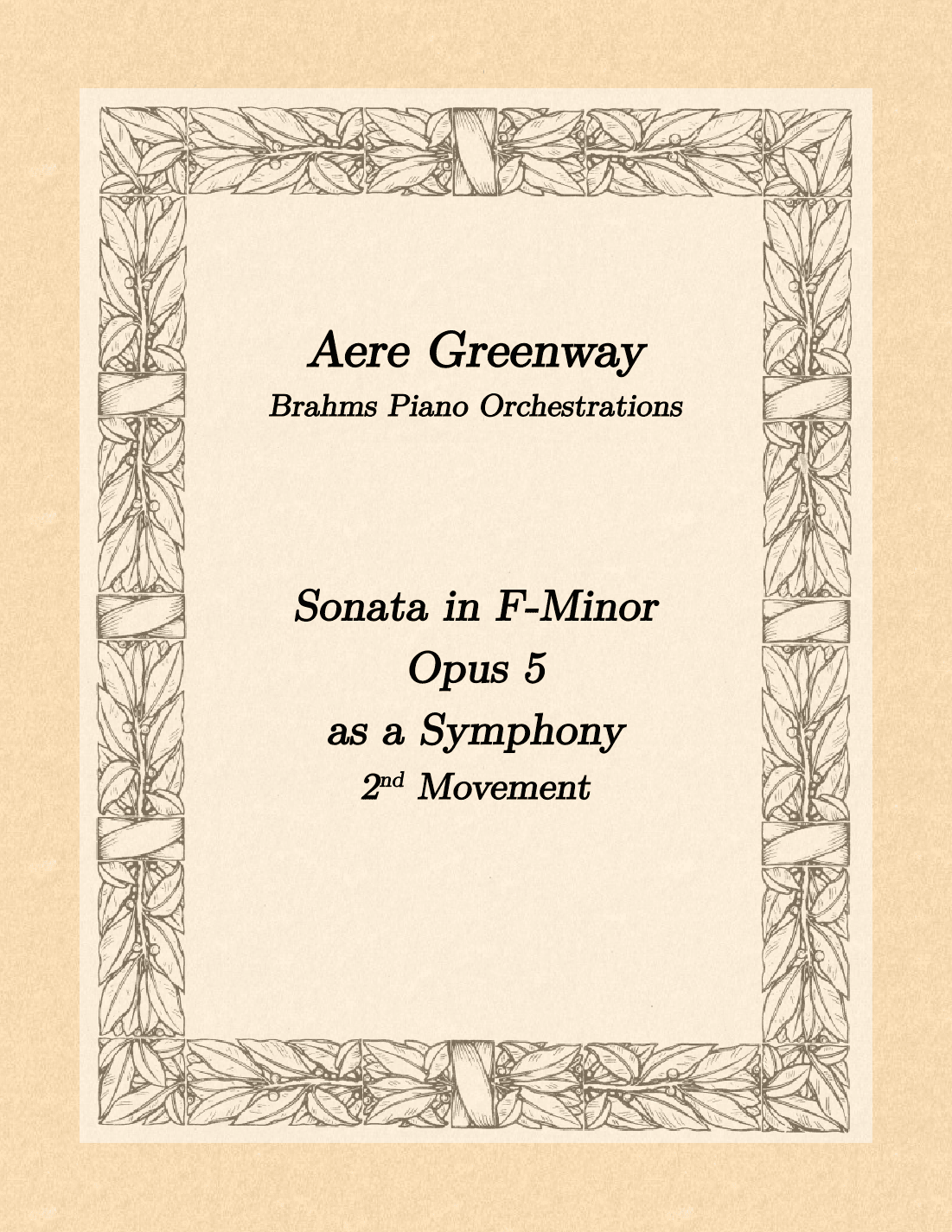 Brahms Sonata in F-minor, Opus 5, 2nd movement, as a Symphony (arr. Aere Greenway)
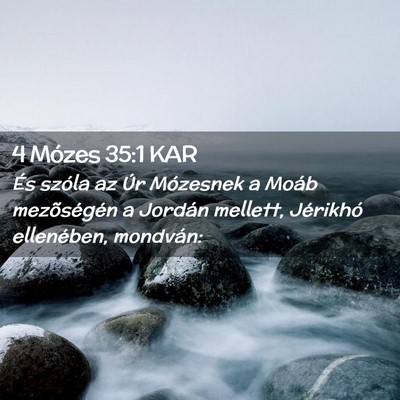 Picture 02 - 4 Mózes 35:1 KAR - És szóla az Úr Mózesnek a Moáb mezõségén - Bible Verse Picture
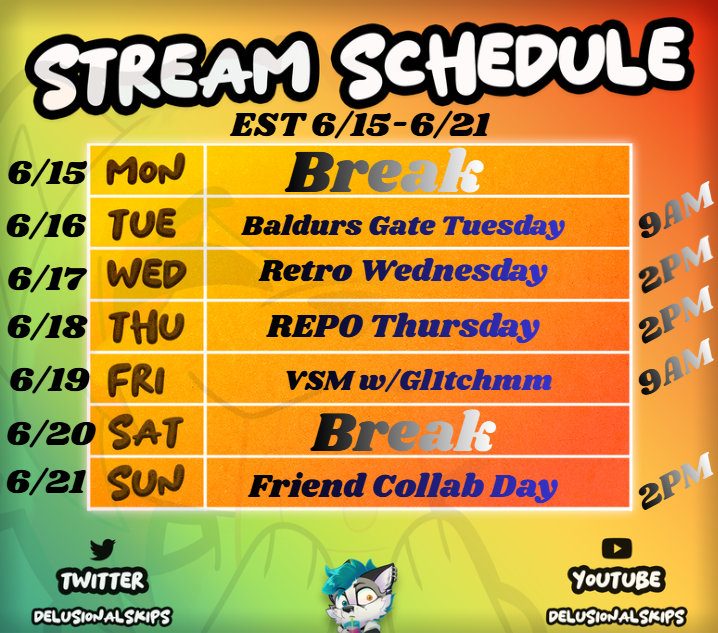 DelusionalSkips's tweet photo. Here's This weeks Schedule! Going to be joining my friend @gl1tchmm for some wonderful times during out VSM Days!!! https://t.co/OEF99FZqIa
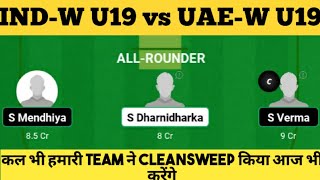 IN-WU19 vs UAE-WU19 Dream11 Team, IND-WU19 vs UAE-WU19, IND vs UAE Womens Under 19 World Cup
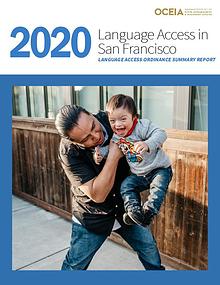 San Francisco Language Access Ordinance Summary Report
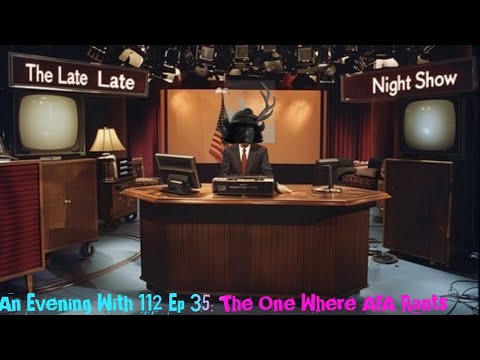 An Evening With 112 Ep 35 The One Where AFA Rants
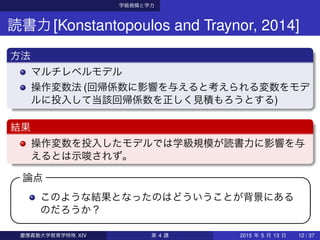 学級規模と学力
読書力[Konstantopoulos and Traynor, 2014]
方法
マルチレベルモデル
操作変数法 (回帰係数に影響を与えると考えられる変数をモデ
ルに投入して当該回帰係数を正しく見積もろうとする)
結果
操作変数を投入したモデルでは学級規模が読書力に影響を与
えるとは示唆されず。
論点 
このような結果となったのはどういうことが背景にある
のだろうか？
 
慶應義塾大学教育学特殊 XIV 第 4 講 2015 年 5 月 13 日 12 / 37
 
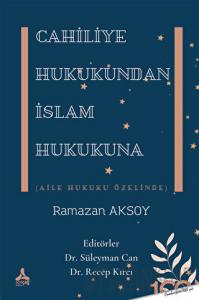 Cahiliye Hukukundan İslam Hukukuna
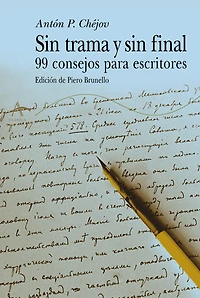 Sin trama y sin final - 99 Consejos para escritores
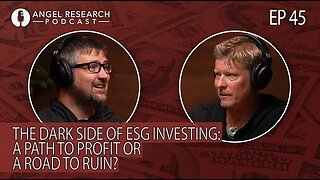 The Dark Side of ESG Investing: A Path to Profit or a Road to Ruin? | Angel Research Podcast Ep. 45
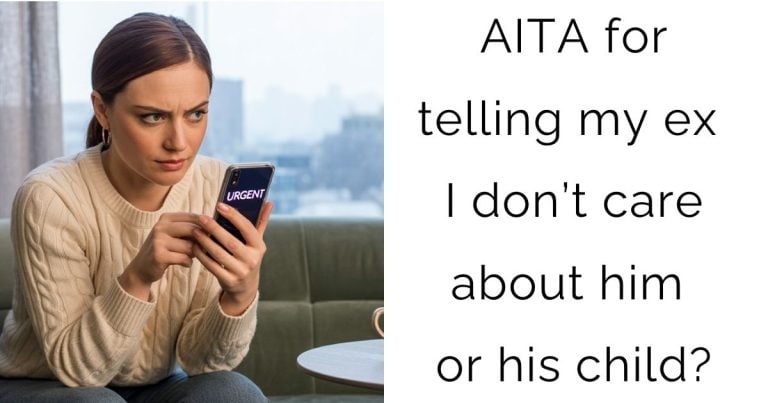 AITA for telling my ex I don’t care about him or his child?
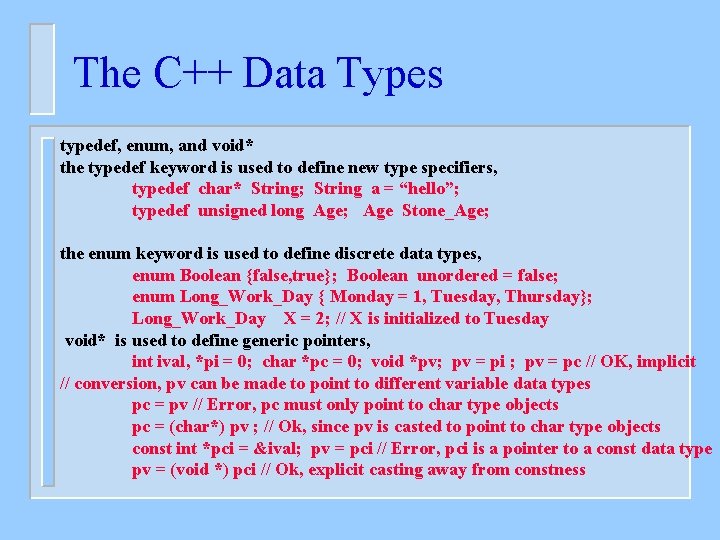 The C++ Data Types typedef, enum, and void* the typedef keyword is used to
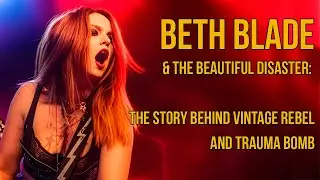 Beth Blade: La Verdad de 'Vintage Rebel' y 'Trauma Bomb' (Entrevista)
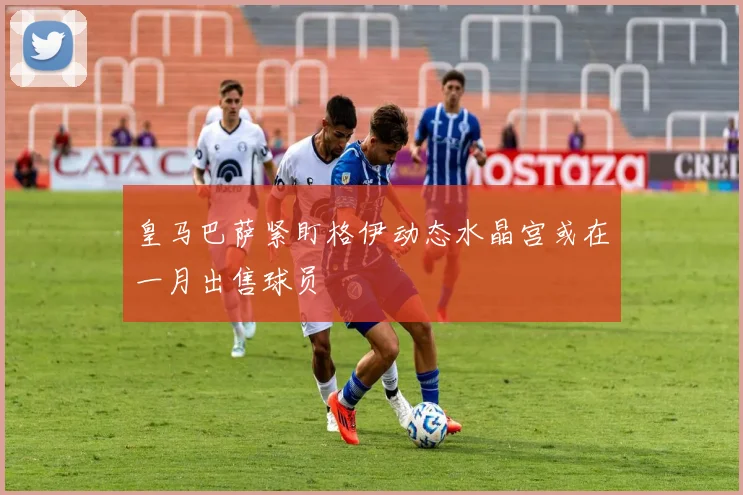 皇马巴萨紧盯格伊动态水晶宫或在一月出售球员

TASK OBJECTIVE » From the line that contains "読書力[Konstantopoulos and Traynor, 2014]" to the final line of the material, write out each line exactly. Pictures stay out.

EXERCISE SOLUTION »
読書力[Konstantopoulos and Traynor, 2014]
方法
マルチレベルモデル
操作変数法 (回帰係数に影響を与えると考えられる変数をモデ
ルに投入して当該回帰係数を正しく見積もろうとする)
結果
操作変数を投入したモデルでは学級規模が読書力に影響を与
えるとは示唆されず。
論点 
このような結果となったのはどういうことが背景にある
のだろうか？
 
慶應義塾大学教育学特殊 XIV 第 4 講 2015 年 5 月 13 日 12 / 37
 
 Cahiliye Hukukundan İslam Hukukuna
 Sin trama y sin final - 99 Consejos para escritores
 The Dark Side of ESG Investing: A Path to Profit or a Road to Ruin? | Angel Research Podcast Ep. 45
 AITA for telling my ex I don’t care about him or his child?
 The C++ Data Types typedef, enum, and void* the typedef keyword is used to
 Beth Blade: La Verdad de 'Vintage Rebel' y 'Trauma Bomb' (Entrevista)
 皇马巴萨紧盯格伊动态水晶宫或在一月出售球员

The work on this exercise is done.